Je ne me tourne pas vers lui tout de suite. Je défais maladroitement les boutons de mon manteau. Mes doigts tremblent tant qu'ils peinent à agripper le tissu. Il glisse sur mes épaules, mais je le retiens un instant, comme si m'en délester risquait de me faire chuter. Je finis par le poser sur le canapé, mais mes mains restent crispées sur le tissu, mes jointures blanchies sous la tension. 

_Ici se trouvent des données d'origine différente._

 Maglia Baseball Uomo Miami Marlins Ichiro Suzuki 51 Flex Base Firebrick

Curtis, lui, n'a pas bougé. Il est toujours dans l'entrée, le regard rivé sur moi. Son silence est écrasant, un poids invisible qui alourdit l'air.

Et c'est insoutenable. 

Mon souffle est court. Ma gorge nouée. Quand je parviens enfin à parler, ce n'est qu'un murmure brisé : 

— Pourquoi maintenant ? 

Deux mots. Juste deux mots. Et pourtant, ils contiennent tout. C'est tout ce que je suis capable de dire alors que mon corps entier tremble sous le poids de son regard.  Il inspire profondément. Ses épaules se soulèvent légèrement avant qu'il ne ferme brièvement les yeux, comme s'il cherchait ses mots.

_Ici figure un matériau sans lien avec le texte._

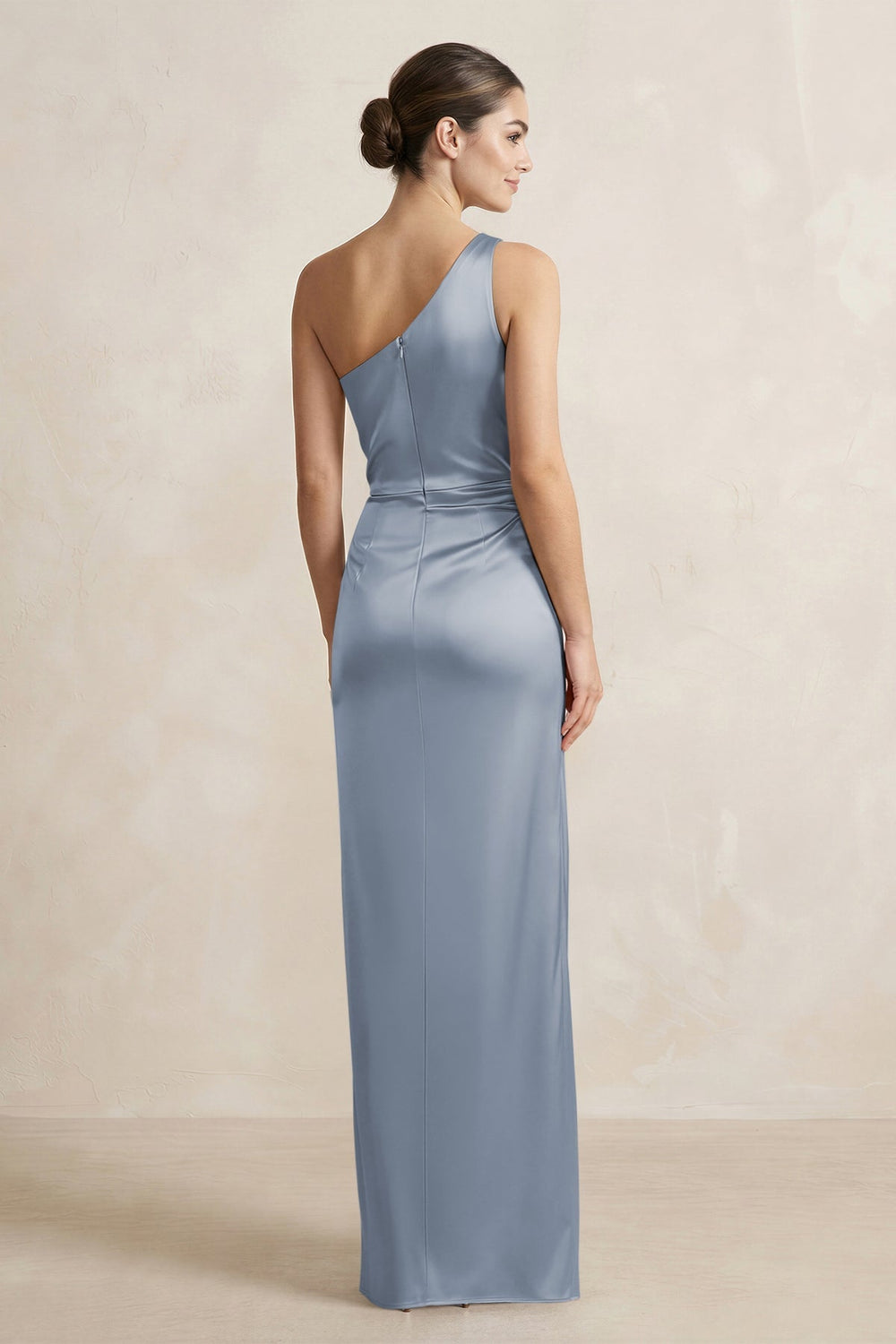One - Shoulder Ruched Sheath Satin Bridesmaid Dress in Twilight - KISS BRIDAL Bridesmaid Dresses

Puis, il avance d'un pas. Juste un. 

— Parce que j'ai cru que la pire douleur de ma vie, c'était de perdre mon père. 

Sa voix est rauque, empreinte d'une douleur encore vive. Il marque une pause, passe une main sur sa nuque, et je vois sa mâchoire se contracter sous l'émotion.

— Mais je me trompais. 

Sa voix est plus basse cette fois, comme un aveu qu'il n'a jamais prononcé à voix haute.